Oskar Karliner, originally Szyja Karliner, pseudonym 'Stefan' (born May 10, 1907, in Drohobych - December 8, 1988 in Tel Aviv) was a Polish-Jewish communist activist, military prosecutor, deputy president of the Supreme Military Court in 1949–1953, responsible for judicial murders.

==Biography==
He was born in Drohobych to a Jewish family, the son of Chaim Karliner. In 1926, he began studying law at the Jagiellonian University in Kraków, from where he was expelled in 1932 for communist activities. He did not receive his master's degree until 1952 at the University of Warsaw.

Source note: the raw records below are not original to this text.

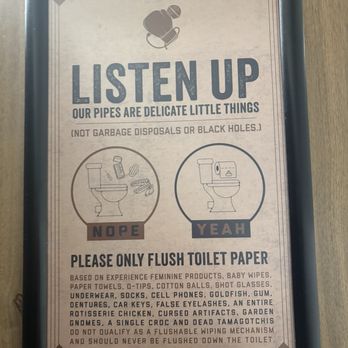 Punch Line Sacramento - Bathroom stall signage. Be nice to the toilets. - Comedy Clubs Near Me - Sacramento, California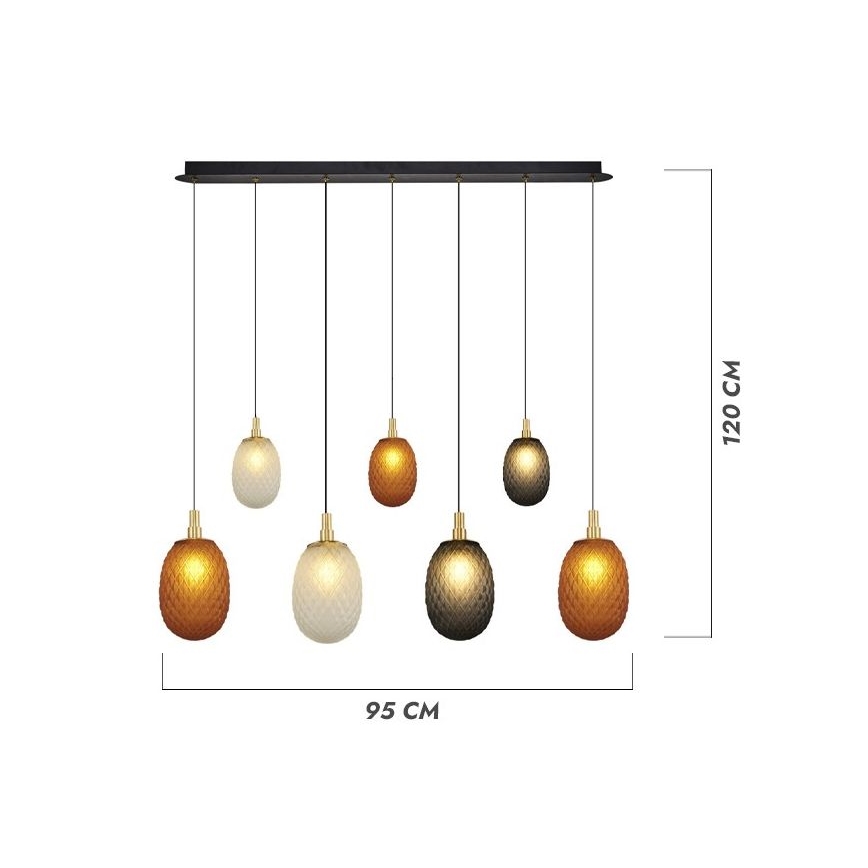 Люстра на шнурі CACTUS 7xG9/5W/230V мідна/сіра/біла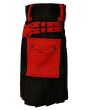 Black Deluxe Modern Kilt And Red Straps Style With Red Cargo Pockets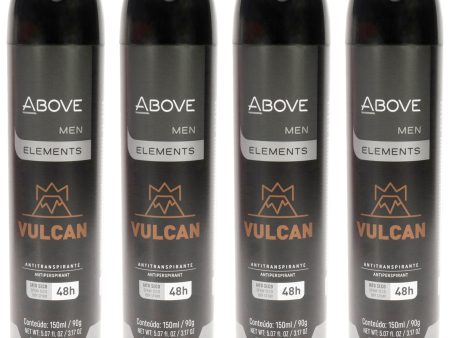 48 Hours Element Antiperspirant Deodorant - Vulcan by Above for Men - 3.17 oz Deodorant Spray - Pack of 4 For Sale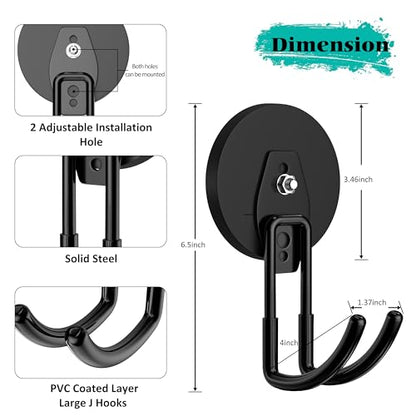 Strong Magnetic Hooks Heavy Duty Magnetic Garage Hook (Black_J_Hooks)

In 1924, he joined the Communist Youth Union of Western Ukraine (KZMZU). In 1928–1929, he was active in the PPS-Left, within which he held the position of secretary of the Drohobych City Committee. At the end of 1930, he began working in the Military Department of the Central Committee of the Polish Communist Party in Kraków. He edited and distributed communist leaflets and proclamations. On June 8, 1932, he was arrested and, alongside Roman Śliwa, was one of the main defendants in the trial of activists of the Military Department of the Central Committee of the Polish Communist Party. On February 13, 1934, he was sentenced to 6 years in prison. He was released on September 1, 1936, under an amnesty, after which he was under police supervision. He took up work as a clerk in the "Fortuna" Furniture House in Sosnowiec. After the Soviet invasion of Poland, he moved to the Soviet occupation zone. He worked as a clerk in the Municipal Heating Office, then in the District Planning Commission in Drohobych. After the German attack on the USSR, he was mobilized to the Red Army. In July, he was wounded near Uman, was hospitalized, and in November 1941, he was conscripted into a labor battalion. In 1943–1944 he was a convoy and then a clerk at a forest transport company in the Mari ASSR.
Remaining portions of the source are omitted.